= Society for Sedimentary Geology =

Non-profit scientific society

The Society for Sedimentary Geology is an international not-for-profit, scientific society based in the US state of Oklahoma. It is commonly referred to by its acronym SEPM, which refers to its former name, the Society of Economic Paleontologists and Mineralogists.

The society's reason for being is to disseminate scientific information on sedimentology, stratigraphy, paleontology, environmental sciences, marine geology, hydrogeology, and related specialties. Members benefit from both gaining and exchanging information pertinent to their geologic specialties. Information is dispersed via the publication of two major scientific journals, the Journal of Sedimentary Research (JSR) and PALAIOS, and the organization of technical conferences and short courses. It also publishes a monthly magazine for its members, The Sedimentary Record, which is now a diamond open access journal.

== Conferences ==
The society arranges research conferences based on topics that are relevant to members and show promise of progress. They are meant to focus the attention of specialists with diverse expertise on some theme of mutual interest and stimulate new research areas or approaches. They are designed to encourage summaries of new, incomplete research, and invite open speculation. Field trips, poster sessions, core workshops, and laboratory experiments are often included as part of a conference.

== Awards ==
Annually the society recognizes people who have contributed to the various areas of sedimentary geology. The awardees are nominated by members of the society, but do not have to be members themselves.
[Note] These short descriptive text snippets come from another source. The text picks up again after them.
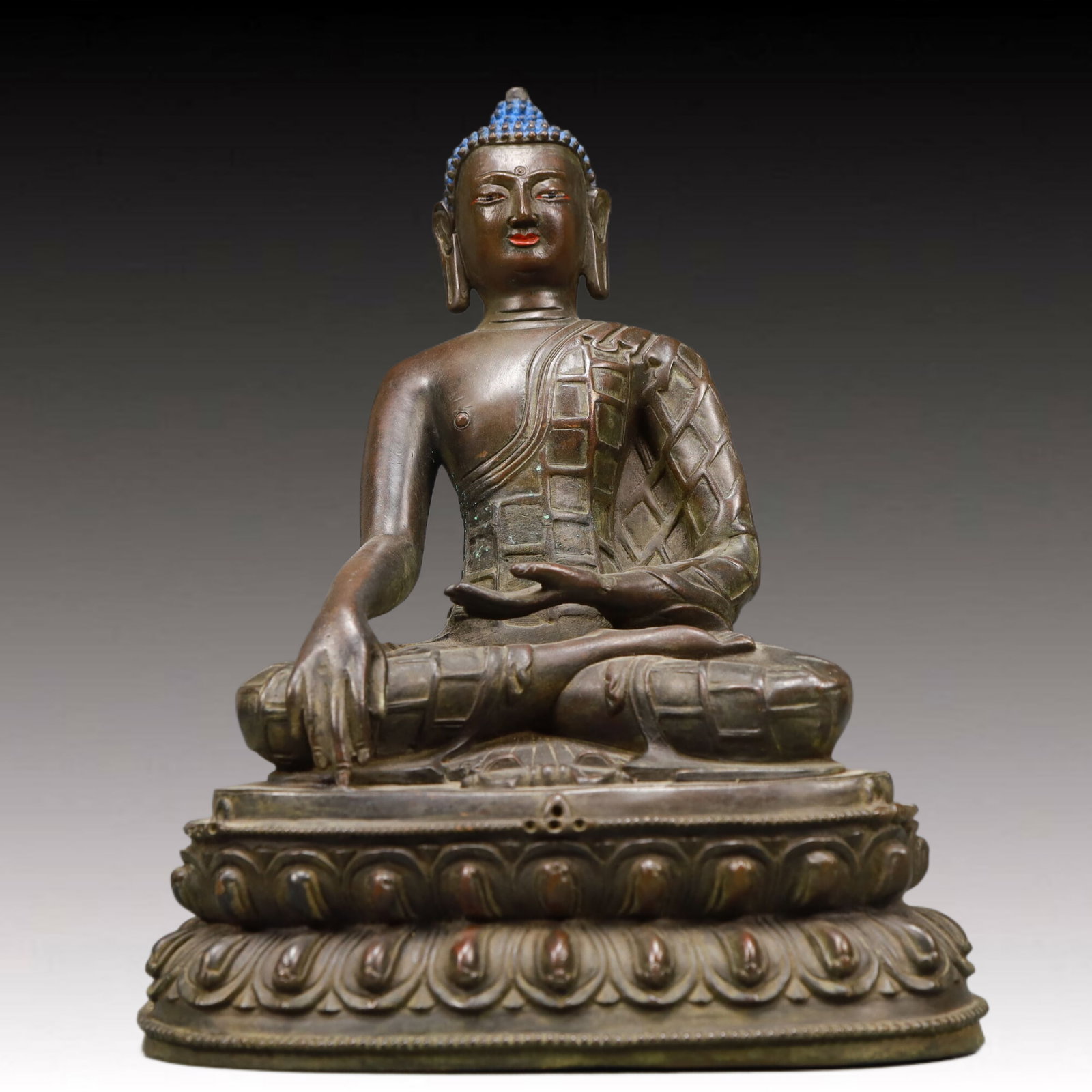 A Solemn Bronze Statue of Sakyamuni: A Solemn Bronze Statue of Sakyamuni,Qing Dynasty, China,Size:7.5inx5.1inx9.8in Weight:3250g 铜释迦摩尼像,中国清代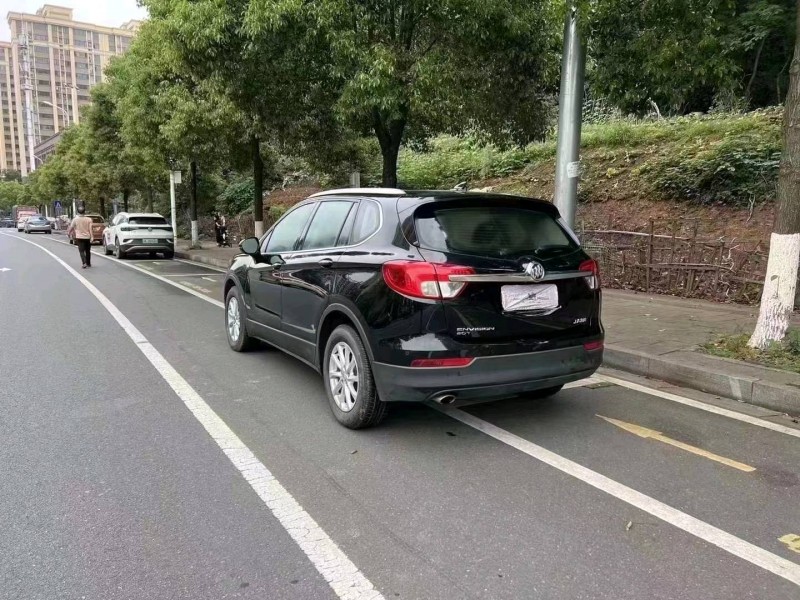 邵阳17年别克昂科威5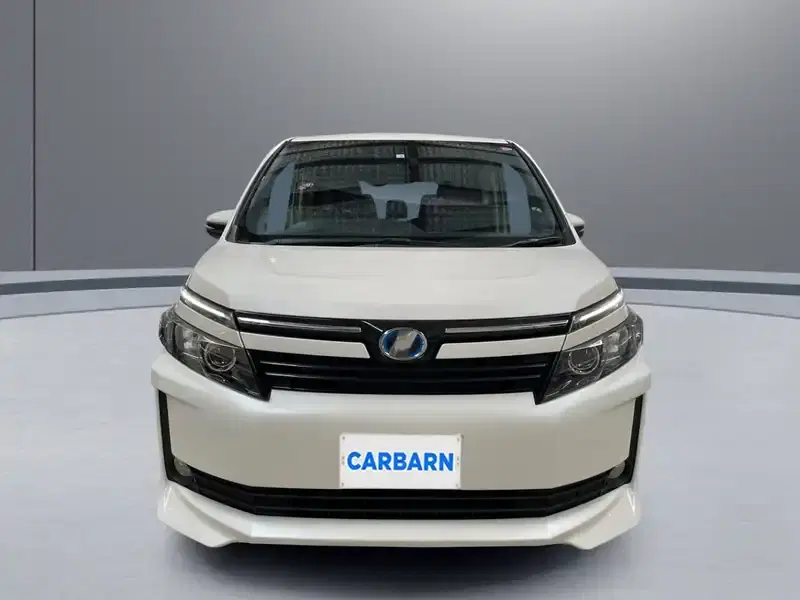 7 - TOYOTA Voxy 7 - TOYOTA Voxy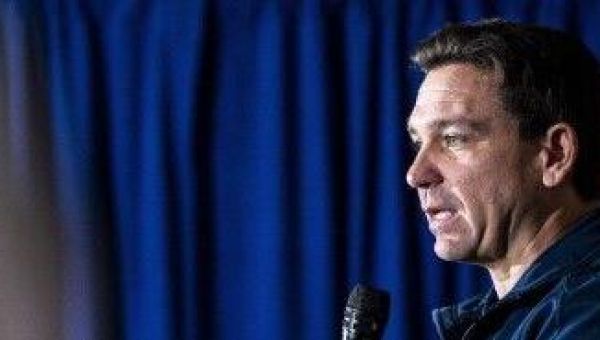 DeSantis’s drama-free 2024 candidacy threatened by super PAC problems
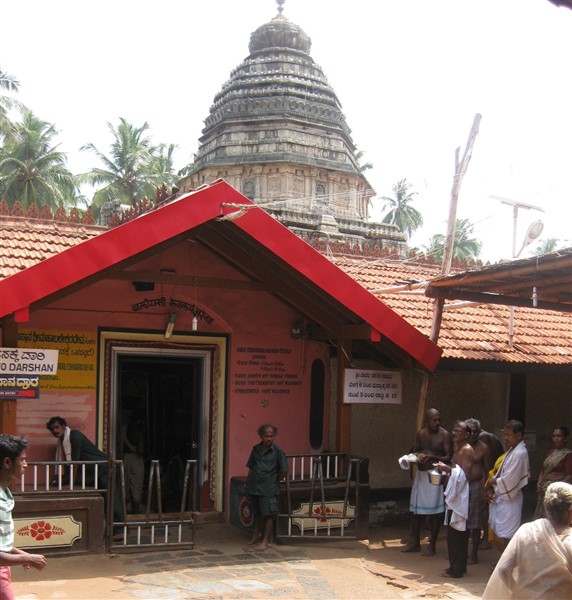 Main entry to the Mahabaleshwar Temple at Gokaran. Photographer by Nvvchar 
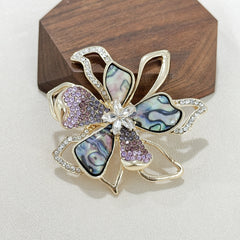 Sparkling brooch in high-quality materials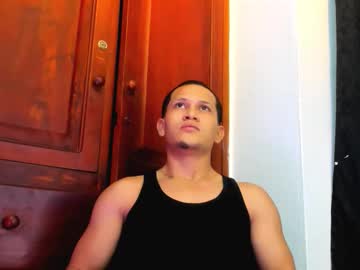Liam_knight, cum mas consolador 500 tk #new #latino #18 #musculoso #bigcock, webcam photo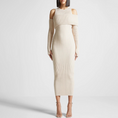 Load image into Gallery viewer, Vareela Off-Shoulder Slimming Knitted Maxi Dress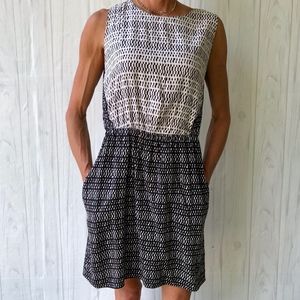 Zara Black and White Print Dress with Pockets 5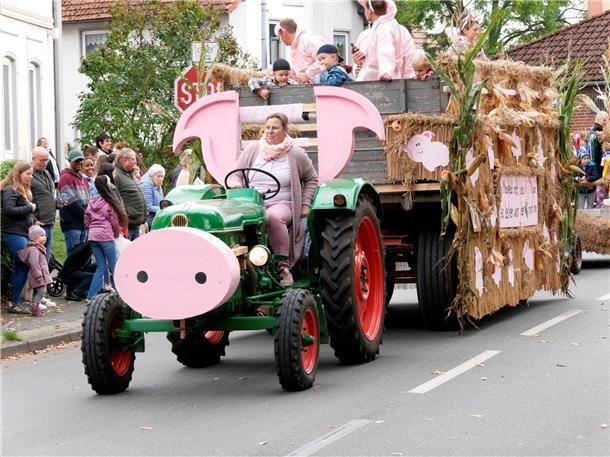 Bunt, laut und fröhlich - die Tarmstedter Erntewagenparade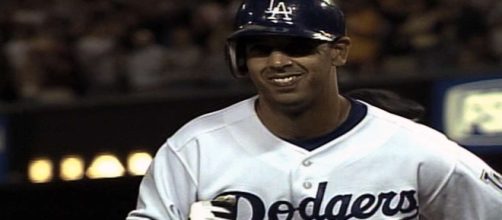 Red Sox expected to interview Alex Cora for manager on Sunday (via MLB/YouTube)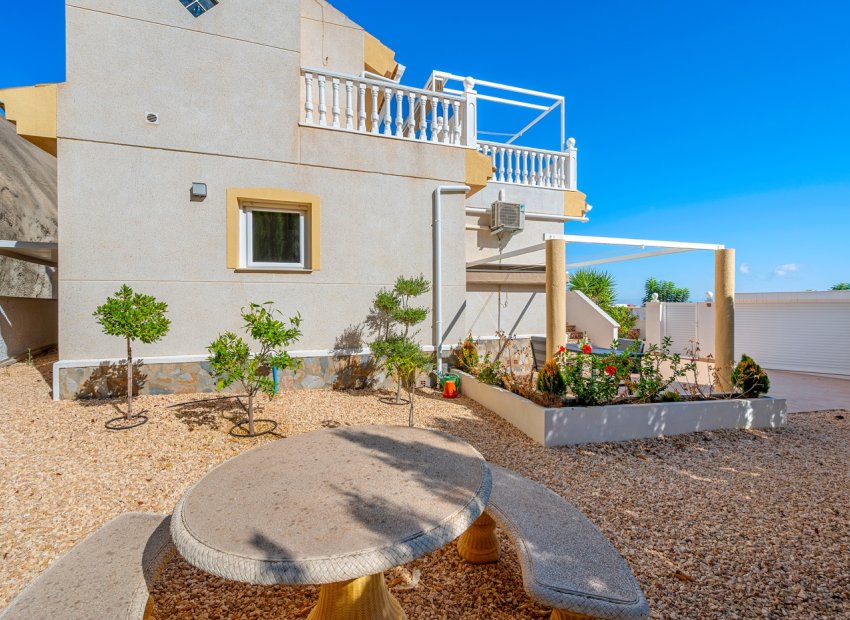 Herverkoop - Geschakelde Villa -
Ciudad Quesada - Rojales - Costa Blanca South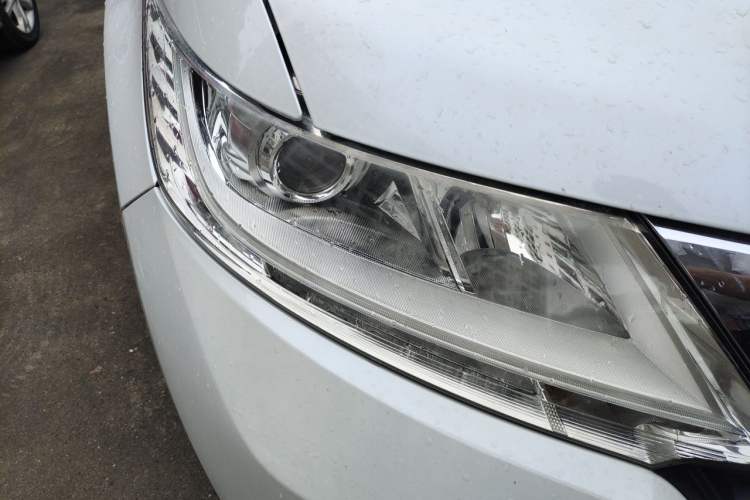 Used Honda Odyssey 2015 Revised 2.4L Luxury Edition Right Front Headlight
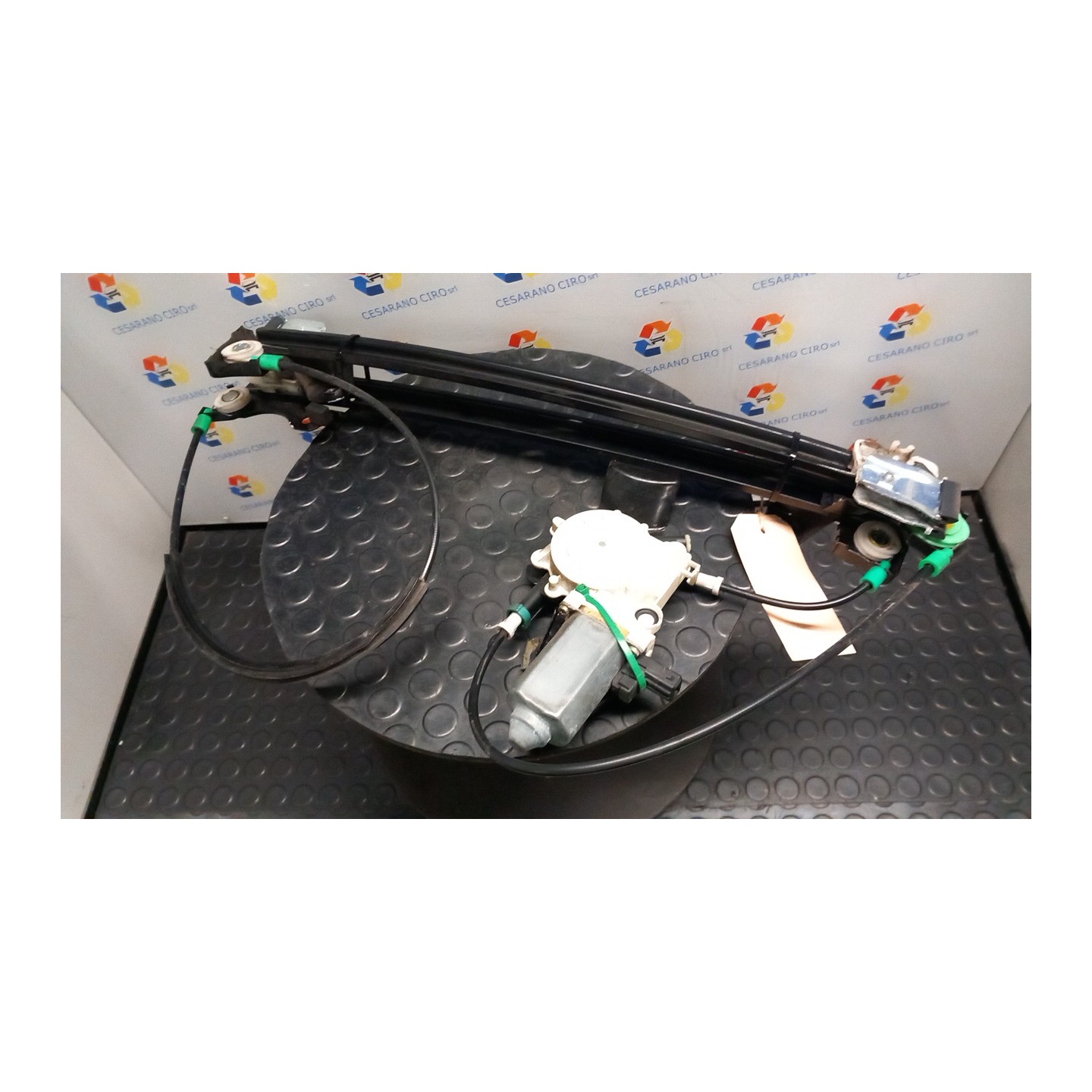 ALZACRISTALLO ELETTR. PORTA ANT. C/MOTORINO DX. 155 LAND ROVER FREELANDER (08/02-10/06) 204D3 LR006371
These medals are named in recognition of outstanding geologists.
- William H. Twenhofel Medal, the highest award, for outstanding contributions to sedimentary geology, named for William H. Twenhofel
- Francis P. Shepard Medal for marine geology, named for Francis Shepard
- Raymond C. Moore Medal for paleontology, named for Raymond C. Moore
- Francis J. Pettijohn Medal for sedimentology, named for Francis J. Pettijohn
- William Dickenson Medal for an impactful mid-career sedimentary geoscientist, named for William Dickenson
- James Lee Wilson Award for sedimentary geology by a young scientist, named for James Lee Wilson

The society also bestows, at its discretion, honorary membership and a distinguished service award to society members.